12,987-foot Peak 8
Seasons Be A Changing
High country leaves are beginning to change, and fall is in the air! I wanted a late season ride at altitude. Off I ventured to the Tenmile Range to prospect some colored, two-wheeled fun. I was a bit early; leaves in this area still have 1 to 2 weeks until peak color.
Initially I rode the Breckenridge Ski Area Peak 9 access road to hasten the climb to more than 12,000 feet in elevation. My plan was to ride the access road to the Wheeler Trail, hook up with the Colorado Trail on top, drop to Copper Mountain Ski Resort, then swing around the northern terminus of the Tenmile Range on a bike path, ultimately catching the Peaks/Gold Hill trails to my vehicle.

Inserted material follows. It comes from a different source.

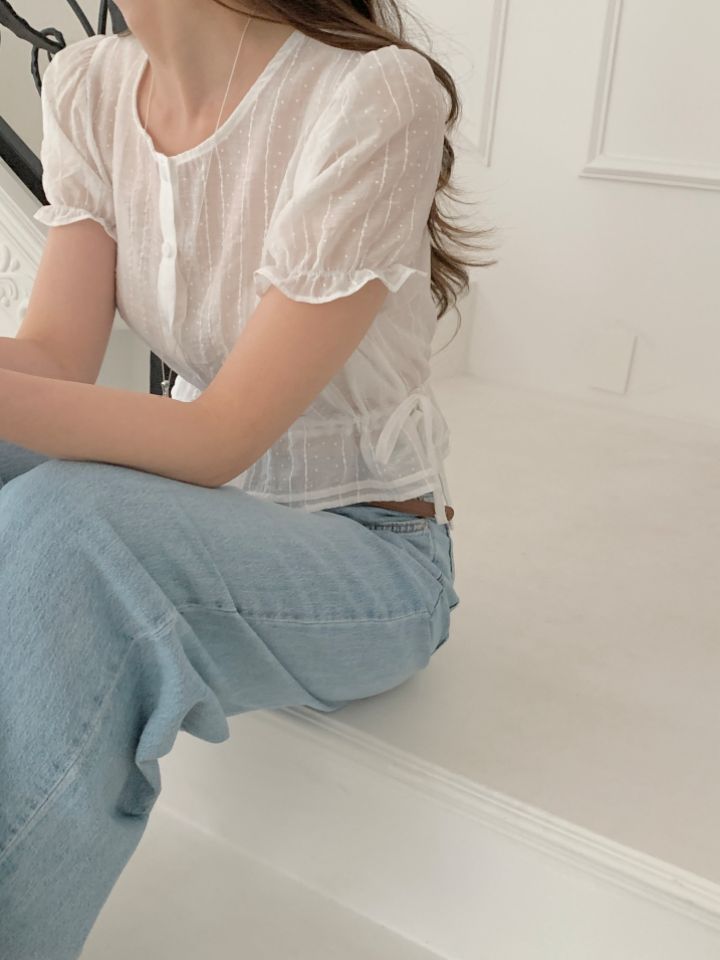 CRONG東大門實拍韓國女士新款休閑時尚26夏季襯衫蕾絲衫刺繡CRONG襯衫/蕾絲衫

If that sounds like a haul, it is; I didn't quite make it. I needed another 2 to 3 hours of time. As you'll see below, I was close. Nonetheless, I had a 2 p.m. turnaround because I needed to be back in the Denver metro area by 5:30. The following pic portrays a diminishing 4x4 route reaching treeline on 13,195-foot Peak 9.
Breckenridge Ski Resort is huge. Adjacent to my north was the Ski Area's Peak 8.
Below is a juvenile stand of bristlecone pine. This species occupies the krummholz and can live thousands of years.
The following zoomed pic shows what I needed another hour or two to accomplish. After leaving the 4x4 track, the switchbacks of the Wheeler Trail top out at 12,400 feet, at which point I could light the afterburners and quickly drop into Copper Mountain. Nonetheless, the bewitching-hour had arrived, and I disappointingly aimed the Black Pearl down.
Breckenridge lies at the base of the lower slopes of Peak 9.
Hopefully there will be more leaves to come.